Entre les bizarres usages de ces nations dans leurs festins, leurs danses, leurs instruments, leurs armes, leurs ustensiles de chasse et de pêche, leurs ornements bizarres d'os d'animaux et de poissons passés dans leurs narines et leurs lèvres, leurs joues criblées de trous, qui servent d'étuis à des plumes d'oiseaux de toutes couleurs, on est particulièrement surpris, dans quelques-uns, de la monstrueuse extension du lobe de l'extrémité inférieure de leurs oreilles, sans que l'épaisseur paraisse diminuée. On y voit de ces bouts d'oreilles, longs de quatre à cinq pouces, percés d'un trou de dix-sept à dix-huit lignes de diamètre, et ce spectacle est commun. Ils insèrent d'abord dans le trou un petit cylindre de bois, auquel on en substitue un plus gros à mesure que l'ouverture s'agrandit, jusqu'à ce que le bout de l'oreille pende sur l'épaule. la grande parure de ces Indiens est de remplir ce trou d'un gros bouquet, ou d'une touffe d'herbes et de fleurs, qui leur sert de pendant d'oreille.

On compte six ou sept journées de Péva, dernière mission espagnole, jusqu'à Saint-Paul, la première des missions portugaises. Dans cet intervalle, les bords n'offrent aucune habitation. Là commencent de grandes îles anciennement habitées par les Omaguas, et le lit du fleuve s'y élargit si considérablement, qu'un seul de ses bras a quelquefois 8 à 900 toises.

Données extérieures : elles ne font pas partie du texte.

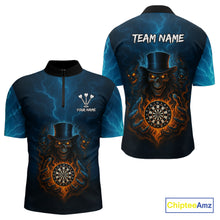 Load image into Gallery viewer, Flaming Dartboard &amp; Evil Magician Darts Shirt For Men - Custom Player &amp; Team Name NYN0392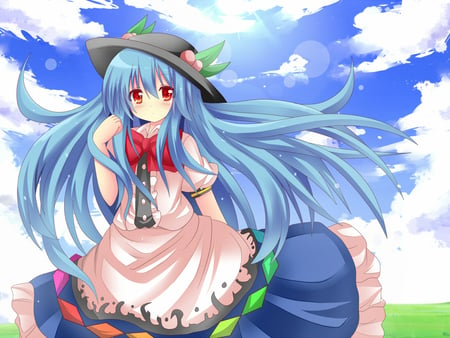 anime - hat, clouds, anime, hinanawi, blue, tenshi, dress, girl, eye, hair, red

Cette grande étendue donnant beaucoup de prise au vent, il y excite de vraies tempêtes, qui ont souvent submergé des canots. Les deux voyageurs en essuyèrent une contre laquelle ils ne trouvèrent d'abri que dans l'embouchure d'un petit ruisseau. C'est le seul port en pareil cas. Aussi s'éloigne-t-on rarement des bords du fleuve. Il est dangereux aussi de s'en trop approcher. Un des plus grands périls de cette navigation est la rencontre des troncs d'arbres déracinés qui demeurent engravés dans le sable ou le limon, proche du rivage, et cachés sous l'eau. En suivant. de trop près les bords, on est menacé aussi de la chute subite de quelque arbre, ou par caducité, ou parce que le terrain qui le soutenait s'abîme tout d'un coup après avoir été longtemps miné par les eaux. Quant à ceux qui sont entraînés au courant, comme on les aperçoit de loin, il est aisé de s'en garantir.